Alexis Lévrier, historien des médias : « Si l’extrême droite arrive au pouvoir, la démocratie risque de disparaître » 

28 juin 2024 dans Liberté de la presse
Bulletin en train d'être inséré dans une urne de vote

37 %.

C’est le score record des principaux partis d’extrême droite français, le Rassemblement national (RN) et Reconquête, aux élections européennes du 9 juin. La liste de la majorité présidentielle, Besoin d’Europe a, elle, obtenu 14,60% des voix, celle du Parti socialiste et de Place publique, Réveiller l’Europe, 13,83 %. Face au choc de ce résultat, le président Emmanuel Macron a annoncé le même soir, lors de son allocution télévisée, la dissolution de l’Assemblée nationale. Avec pour conséquence la tenue de nouvelles élections législatives le 30 juin et le 7 juillet. La tendance semble se confirmer : les différents sondages classent le RN en tête, devant le Nouveau Front Populaire (l’union des partis de la gauche) et Ensemble, le groupe d’Emmanuel Macron. Ce qui paraissait impossible il y a vingt ans, c’est-à-dire la victoire d’un parti d’extrême droite, devient possible.

"Jamais depuis la Libération, l’extrême droite, en France, ne s’est trouvée si près de la victoire. Elle porte un projet de démolition sociale, de repli chauvin, de discrimination raciste, sexiste, homophobe, de guerre aux minorités, de basculement liberticide et de régression écologique." 

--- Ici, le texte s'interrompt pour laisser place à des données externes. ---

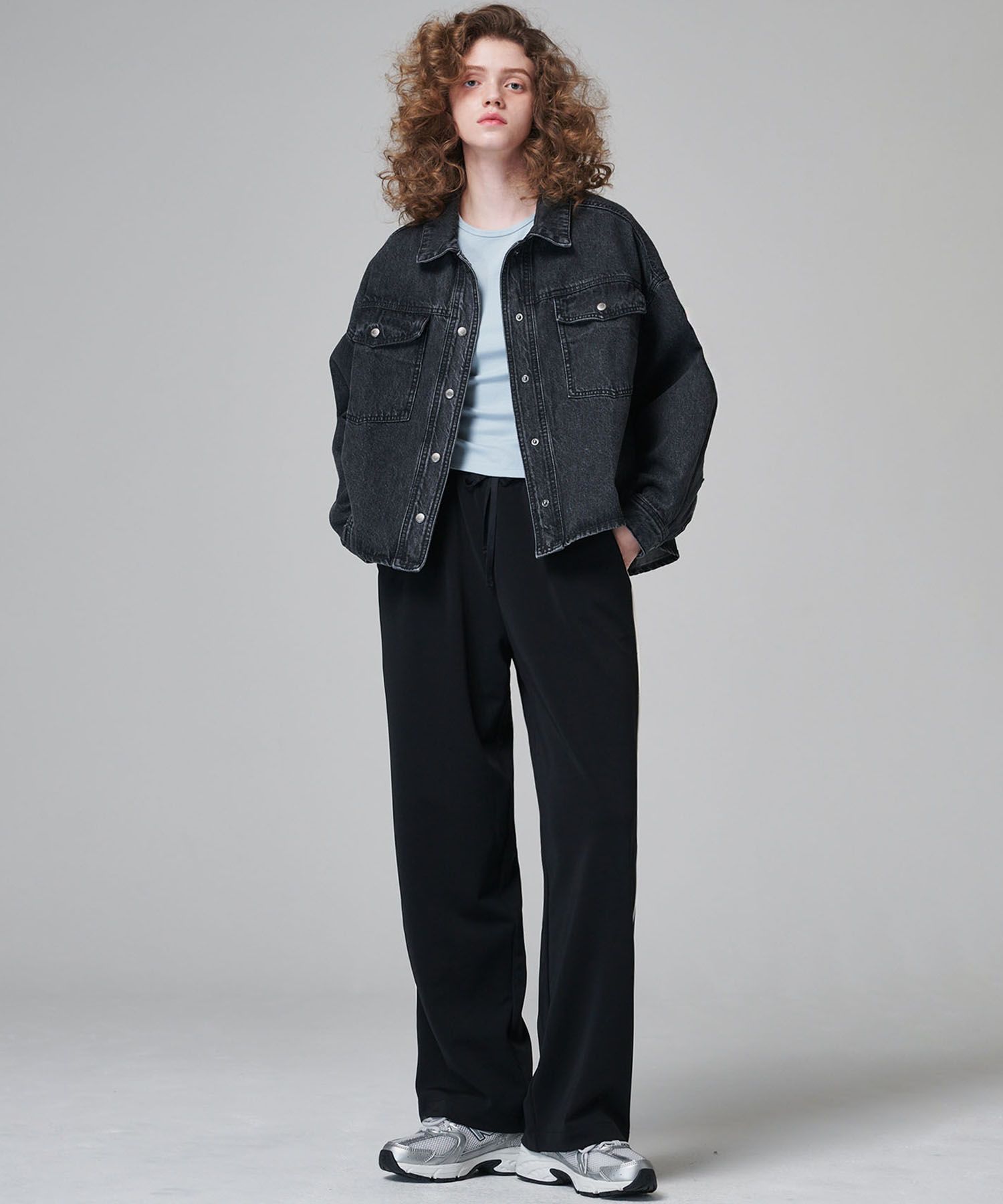 ★maloupe★OVERSIZE DENIM SHORT JACKE MUSINSA | MALOUPE 9401 Oversized Denim Short Jacket (Dark Gray)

Ce sont là les premiers mots de la tribune "Pour un front commun des médias contre l’extrême droite" publiée le 19 juin sur le site de Reporterre et signée par plus de 90 médias qui appellent à soutenir la mobilisation sociale contre l’extrême droite qui menace, selon eux, la liberté de la presse. 

Quelles seront les conséquences pour les médias et les journalistes si l’extrême droite accède au pouvoir ? IJNet en a discuté avec Alexis Lévrier, historien des médias et maître de conférences à l’université de Reims. 

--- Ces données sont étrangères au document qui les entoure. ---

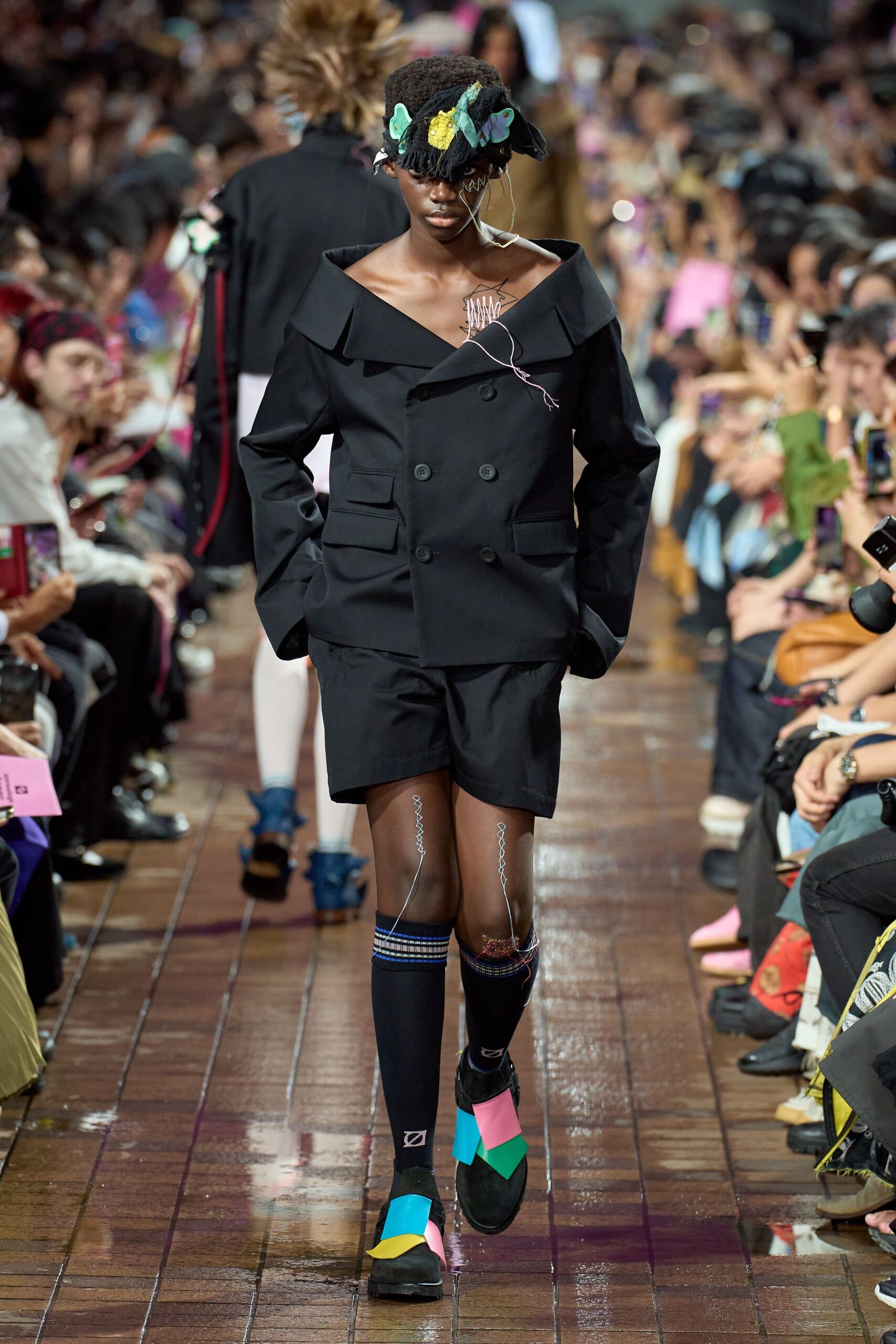 black fitted blazer and shorts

Que pensez-vous de la tribune publiée par Reporterre ?

Il est évident que l’arrivée au pouvoir de l'extrême droite va rendre difficile l'exercice du métier de journaliste. C’est déjà le cas d’ailleurs. Selon l’extrême droite, les journalistes sont tous de gauche voire des islamo-gauchistes, éminemment woke. Les médias et les journalistes ont raison d’avoir peur. Toutefois, je regrette qu’il n’y ait pas plus de médias -notamment ceux qui se disent neutres- signataires de cette tribune.

Quelle évolution avez-vous observée dans les médias qui expliquerait cette montée de l’extrême droite ?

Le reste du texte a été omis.